Начнем мы от печки – простите, я всегда так начинаю, не потому, что трафарет, или потому что идиот пытается объяснить для идиотов, а потому что если ты начинаешь ход рассуждений и анализа не от основы, а от какого-то уже продвинутого, известного всем сведущим людям пункта на маршруте – ты рискуешь начать движение после неверного поворота, сделанного до тебя. Итак:

Что есть поэзия? Поэзия – это когда говорят то, чего нельзя сказать прозой. Перескажешь в прозе – и суть поэзии исчезнет: настроение, эмоции, музыкальность, пафос, торжественность – это исчезнет: или вообще, или в значительной степени.

То есть?

Сейчас я безусловно избавляю вас от разговора о поэтике Аристотеля, Буало, Шлегеля, Лессинга, а также Веселовского и Потебни; даже о любимом моем ОПОЯЗе мы не будем говорить, ибо здесь сейчас не курс теории поэтики и ее истории. Но ежели кто вознамерится понять сущность поэзии и ее воздействия – должен будет получить соответствующее образование, и не методом сдачи экзамена в университете, это любой дурак делает, – но вдумчиво перечитывая и осознавая знаменитые, хрестоматийно известные труды упомянутых гигантов. Вдумываясь, пробуя на вкус и медленно осознавая.

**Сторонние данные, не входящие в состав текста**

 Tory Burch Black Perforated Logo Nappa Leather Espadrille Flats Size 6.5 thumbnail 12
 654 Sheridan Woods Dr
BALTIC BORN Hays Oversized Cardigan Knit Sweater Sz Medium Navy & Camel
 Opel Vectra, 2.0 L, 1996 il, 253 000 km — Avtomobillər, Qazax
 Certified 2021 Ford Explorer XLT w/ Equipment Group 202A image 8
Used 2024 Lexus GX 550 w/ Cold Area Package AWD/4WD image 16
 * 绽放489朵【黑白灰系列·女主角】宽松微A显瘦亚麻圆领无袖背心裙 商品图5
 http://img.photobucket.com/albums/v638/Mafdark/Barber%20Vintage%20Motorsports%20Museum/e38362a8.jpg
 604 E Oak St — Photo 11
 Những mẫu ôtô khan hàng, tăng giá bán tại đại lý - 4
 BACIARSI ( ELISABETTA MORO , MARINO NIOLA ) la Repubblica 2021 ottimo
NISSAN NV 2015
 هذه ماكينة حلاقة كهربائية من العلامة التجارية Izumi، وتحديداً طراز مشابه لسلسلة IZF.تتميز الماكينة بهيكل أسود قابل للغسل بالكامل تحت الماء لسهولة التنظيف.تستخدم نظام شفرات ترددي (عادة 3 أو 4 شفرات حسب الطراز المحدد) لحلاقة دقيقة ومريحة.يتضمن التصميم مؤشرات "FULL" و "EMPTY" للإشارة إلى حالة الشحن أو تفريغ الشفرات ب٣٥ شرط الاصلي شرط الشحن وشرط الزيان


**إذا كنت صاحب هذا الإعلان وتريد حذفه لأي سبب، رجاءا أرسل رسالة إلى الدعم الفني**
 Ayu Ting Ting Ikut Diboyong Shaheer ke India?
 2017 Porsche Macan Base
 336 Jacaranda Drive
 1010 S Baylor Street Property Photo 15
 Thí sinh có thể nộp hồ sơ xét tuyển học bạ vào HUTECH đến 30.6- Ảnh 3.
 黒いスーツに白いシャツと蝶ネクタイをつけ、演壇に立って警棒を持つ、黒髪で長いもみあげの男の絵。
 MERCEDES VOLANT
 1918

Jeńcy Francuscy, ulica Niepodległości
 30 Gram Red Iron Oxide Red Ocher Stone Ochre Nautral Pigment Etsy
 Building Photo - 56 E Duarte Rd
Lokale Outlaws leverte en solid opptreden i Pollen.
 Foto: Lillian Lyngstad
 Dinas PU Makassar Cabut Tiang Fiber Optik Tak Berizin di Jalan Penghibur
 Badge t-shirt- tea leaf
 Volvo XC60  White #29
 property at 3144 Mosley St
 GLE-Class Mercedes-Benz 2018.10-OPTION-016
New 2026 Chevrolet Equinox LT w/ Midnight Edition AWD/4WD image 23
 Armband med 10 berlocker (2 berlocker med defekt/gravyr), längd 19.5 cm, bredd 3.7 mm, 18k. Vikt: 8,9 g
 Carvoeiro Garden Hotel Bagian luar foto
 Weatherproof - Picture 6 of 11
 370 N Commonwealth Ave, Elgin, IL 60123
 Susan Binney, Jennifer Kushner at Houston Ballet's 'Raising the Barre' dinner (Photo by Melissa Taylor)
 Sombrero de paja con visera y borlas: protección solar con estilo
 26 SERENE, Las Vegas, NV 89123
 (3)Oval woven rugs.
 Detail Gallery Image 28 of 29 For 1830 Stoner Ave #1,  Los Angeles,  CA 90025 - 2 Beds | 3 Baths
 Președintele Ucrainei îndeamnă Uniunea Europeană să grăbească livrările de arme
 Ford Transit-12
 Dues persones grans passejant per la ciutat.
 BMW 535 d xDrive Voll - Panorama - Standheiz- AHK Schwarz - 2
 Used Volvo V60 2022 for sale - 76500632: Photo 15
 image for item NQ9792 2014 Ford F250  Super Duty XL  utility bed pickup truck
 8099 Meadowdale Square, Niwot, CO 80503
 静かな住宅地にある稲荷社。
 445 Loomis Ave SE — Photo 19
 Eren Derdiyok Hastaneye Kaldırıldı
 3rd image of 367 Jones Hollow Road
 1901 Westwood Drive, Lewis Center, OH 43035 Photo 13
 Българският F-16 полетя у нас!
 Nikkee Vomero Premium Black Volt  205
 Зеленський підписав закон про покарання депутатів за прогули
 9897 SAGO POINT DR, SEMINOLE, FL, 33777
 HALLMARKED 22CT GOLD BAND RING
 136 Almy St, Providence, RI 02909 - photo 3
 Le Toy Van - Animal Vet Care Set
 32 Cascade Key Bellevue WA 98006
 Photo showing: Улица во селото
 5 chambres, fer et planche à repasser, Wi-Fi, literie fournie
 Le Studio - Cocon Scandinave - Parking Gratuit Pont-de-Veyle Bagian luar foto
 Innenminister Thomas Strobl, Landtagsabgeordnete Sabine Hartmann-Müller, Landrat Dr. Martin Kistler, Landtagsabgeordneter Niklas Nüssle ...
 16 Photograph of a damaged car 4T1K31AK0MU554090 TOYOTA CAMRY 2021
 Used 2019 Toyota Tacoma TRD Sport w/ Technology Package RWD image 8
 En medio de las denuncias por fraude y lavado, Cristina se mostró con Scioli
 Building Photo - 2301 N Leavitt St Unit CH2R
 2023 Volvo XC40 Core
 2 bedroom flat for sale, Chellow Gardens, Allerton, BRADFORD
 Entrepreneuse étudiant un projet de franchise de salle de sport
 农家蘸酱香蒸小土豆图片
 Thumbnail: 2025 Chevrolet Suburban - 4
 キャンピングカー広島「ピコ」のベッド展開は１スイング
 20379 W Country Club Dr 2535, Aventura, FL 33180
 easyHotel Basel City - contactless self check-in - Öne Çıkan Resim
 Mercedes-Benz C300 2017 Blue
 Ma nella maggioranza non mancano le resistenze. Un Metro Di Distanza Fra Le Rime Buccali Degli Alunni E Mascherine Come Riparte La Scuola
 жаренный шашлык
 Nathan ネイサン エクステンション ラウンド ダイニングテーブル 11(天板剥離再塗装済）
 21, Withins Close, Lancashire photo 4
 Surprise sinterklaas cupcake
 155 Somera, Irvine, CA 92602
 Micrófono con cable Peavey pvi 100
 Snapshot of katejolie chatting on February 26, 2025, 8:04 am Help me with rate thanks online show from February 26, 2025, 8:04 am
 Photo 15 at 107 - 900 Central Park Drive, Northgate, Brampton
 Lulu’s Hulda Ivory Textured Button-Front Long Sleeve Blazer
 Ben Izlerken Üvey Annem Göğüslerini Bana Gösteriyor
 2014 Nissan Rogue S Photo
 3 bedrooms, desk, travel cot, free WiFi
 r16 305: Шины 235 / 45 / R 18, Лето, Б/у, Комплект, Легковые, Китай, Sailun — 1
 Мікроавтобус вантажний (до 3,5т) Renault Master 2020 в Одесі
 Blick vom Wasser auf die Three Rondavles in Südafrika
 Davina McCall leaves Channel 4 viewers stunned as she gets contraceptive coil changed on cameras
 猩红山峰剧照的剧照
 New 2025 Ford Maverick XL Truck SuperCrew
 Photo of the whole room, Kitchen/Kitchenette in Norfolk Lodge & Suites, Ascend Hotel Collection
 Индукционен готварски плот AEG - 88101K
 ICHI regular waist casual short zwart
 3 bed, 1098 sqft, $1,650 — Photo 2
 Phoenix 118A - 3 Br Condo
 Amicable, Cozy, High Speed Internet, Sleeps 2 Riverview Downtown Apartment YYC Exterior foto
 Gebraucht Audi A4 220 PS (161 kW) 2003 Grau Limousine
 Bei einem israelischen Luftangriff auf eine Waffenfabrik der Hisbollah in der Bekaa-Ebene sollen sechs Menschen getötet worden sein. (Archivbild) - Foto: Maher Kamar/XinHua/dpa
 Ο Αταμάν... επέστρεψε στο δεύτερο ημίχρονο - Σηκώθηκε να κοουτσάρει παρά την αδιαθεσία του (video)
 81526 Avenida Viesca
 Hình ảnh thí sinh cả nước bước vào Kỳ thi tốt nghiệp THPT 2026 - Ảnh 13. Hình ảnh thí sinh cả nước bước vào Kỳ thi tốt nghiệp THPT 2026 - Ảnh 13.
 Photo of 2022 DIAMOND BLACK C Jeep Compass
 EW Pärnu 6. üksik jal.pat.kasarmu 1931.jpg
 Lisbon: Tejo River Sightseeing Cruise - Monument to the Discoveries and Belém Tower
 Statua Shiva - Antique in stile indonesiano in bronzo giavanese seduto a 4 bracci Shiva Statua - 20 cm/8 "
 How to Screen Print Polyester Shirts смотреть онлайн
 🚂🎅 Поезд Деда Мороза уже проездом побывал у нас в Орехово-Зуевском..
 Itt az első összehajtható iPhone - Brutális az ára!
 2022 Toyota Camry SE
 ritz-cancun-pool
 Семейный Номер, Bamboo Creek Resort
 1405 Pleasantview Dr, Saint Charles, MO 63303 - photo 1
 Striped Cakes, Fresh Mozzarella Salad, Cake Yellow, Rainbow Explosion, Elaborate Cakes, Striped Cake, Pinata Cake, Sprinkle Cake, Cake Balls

Видите ли, ты только тогда можешь понять серьезные идеи в серьезном труде, если твое образование и твой интеллект будут хоть как-то сопоставимы с авторским. И еще: когда твои усилия по осмыслению книги будут соизмеримы с усилием автора, написавшего ее, затраты твоего времени и твоей умственной энергии на постижение будут соизмеримы с его усилиями, приложенными к пониманию проблемы и созиданию. А поскольку ты из другой эпохи и культуры, с другого дерева фрукт – тебе надо долго и добросовестно разогревать мозги и напрягаться, чтобы понять написанное. Так-то вроде понять это давно изученное легко – прочитал и понял, не дурак же. Так это фигня – ты должен въехать в систему взглядов Гумбольдта или Шлегеля, в их мировоззрение, в их культуру, должен осознать их круг чтения, их шкалу художественных ценностей. Влезть в их шкуру, увидеть проблему его глазами, проникнуться не только его чувствами, но всей его системой знаний.